Principles to decide the Arbitrability
Supreme Court propounded a fourfold test for determining when the subject matter of a dispute in an arbitration agreement is not arbitrable:
- when cause of action and subject matter of the dispute relates to actions in rem, that do not pertain to subordinate rights in personam that arise from rights in rem.
- when cause of action and subject matter of the dispute affects third party rights; have erga omnes effect; require centralized adjudication, and mutual adjudication would not be appropriate and enforceable;
- when cause of action and subject matter of the dispute relates to inalienable sovereign and public interest functions of the State and hence mutual adjudication would be unenforceable; and
- when the subject-matter of the dispute is expressly or by necessary implication non-arbitrable as per mandatory statute(s).
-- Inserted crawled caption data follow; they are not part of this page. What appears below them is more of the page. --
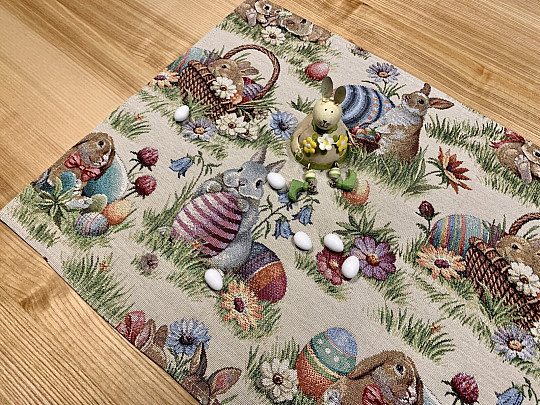 Obrus gobelinowy i szalik POMLÁZKA II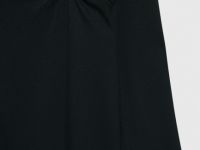 Лонгслив с асимметричным вырезом, Черный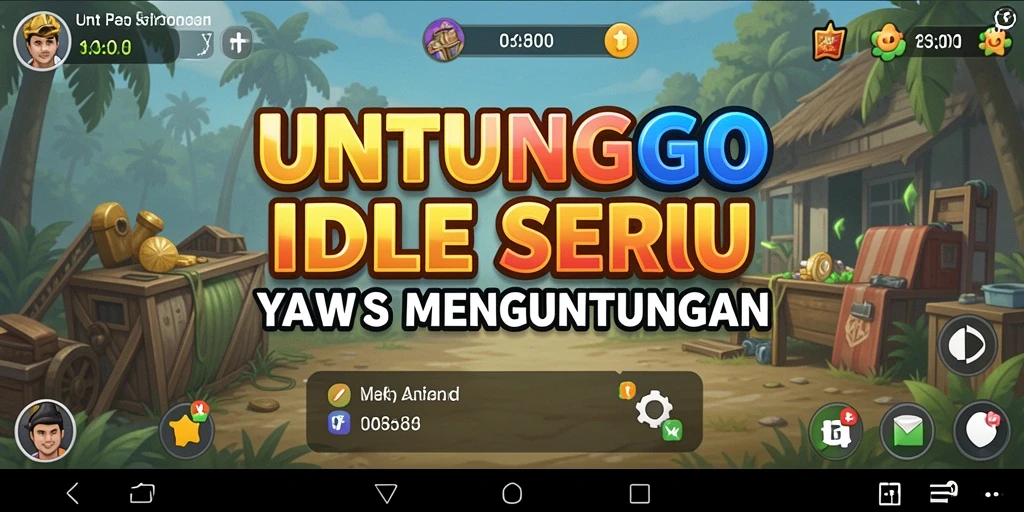 Tampilan screenshot utama UNTUNGGO menampilkan gameplay Idol yang menguntungkan.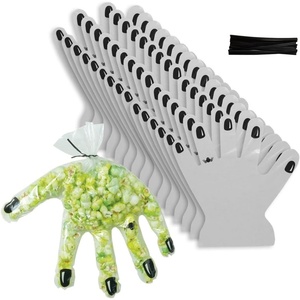 image:imageWilton Creepy Hand Shaped Halloween Party Bags 15CountAssorted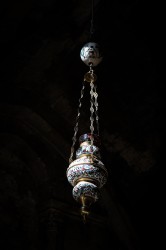 alik 
 Inside the church of the the Tomb of the Mother of God in Jerusalem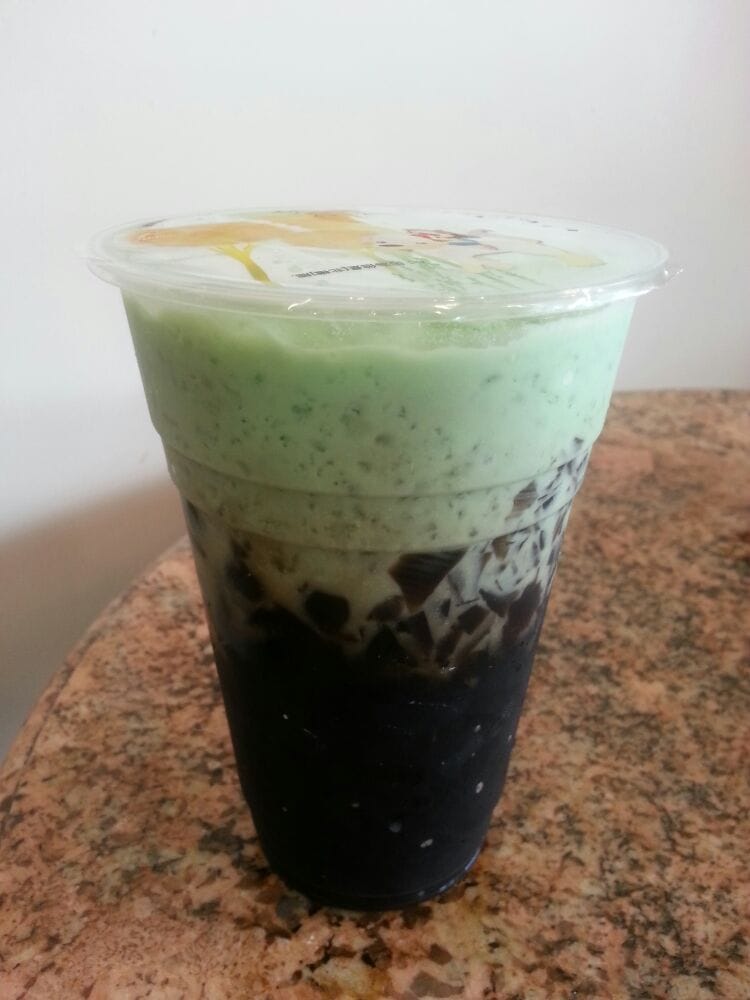 Black sea drink (coconut milk, grass jelly and boba). Yelp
List of Non Arbitrable Matters-
Supreme Court came up with certain well-recognised examples of non-arbitrable disputes in series of its pronouncements, they are:
- disputes relating to rights and liabilities which give rise to or arise out of criminal offences;
- matrimonial disputes relating to divorce, judicial separation, restitution of conjugal rights, child custody;
- guardianship matters;
- insolvency and winding-up matters;
- testamentary matters (grant of probate, letters of administration and succession certificate); and
- eviction or tenancy matters governed by special statutes where the tenant enjoys statutory protection against eviction and only the specified courts are conferred jurisdiction to grant eviction or decide the disputes.
- disputes relating to private trusts, trustees, and beneficiaries of the trust and the Trusts Act were held to be non-arbitrable.
- the claims covered by the DRT Act are non-arbitrable as there is a prohibition against waiver of jurisdiction of the DRT by necessary implication.
- Where serious allegations of fraud is involved, which needs adjudication.
- Consumer Protection Act cases are not arbitrable as the Consumer Protection Act, has an implied bar for referring a matter to arbitration, being a special legislation. 
- grant and issue of patents and registration of trademarks.
Reasoning behind terming some of those example as non-arbitrable
Insolvency or intracompany disputes have to be addressed by a centralized forum, be the court or a special forum, which would be more efficient and has complete jurisdiction to efficaciously and fully dispose of the entire matter. They are also actions in rem.
Similarly, grant and issue of patents and registration of trademarks are exclusive matters falling within the sovereign or government functions and have erga omnes effect. Such grants confer monopoly rights. Thus, they are non-arbitrable.
Matrimonial disputes relating to the dissolution of marriage, restitution of conjugal rights etc. are not arbitrable as they fall within the ambit of sovereign functions and do not have any commercial and economic value. Criminal cases again are not also arbitrable as they relate to sovereign functions of the State. Further, violations of criminal law are offenses against the State and not just against the victim. Thus non arbitrable.
Matters relating to probate, testamentary matter etc. are actions in rem and are a declaration to the world at large and hence are nonarbitrable.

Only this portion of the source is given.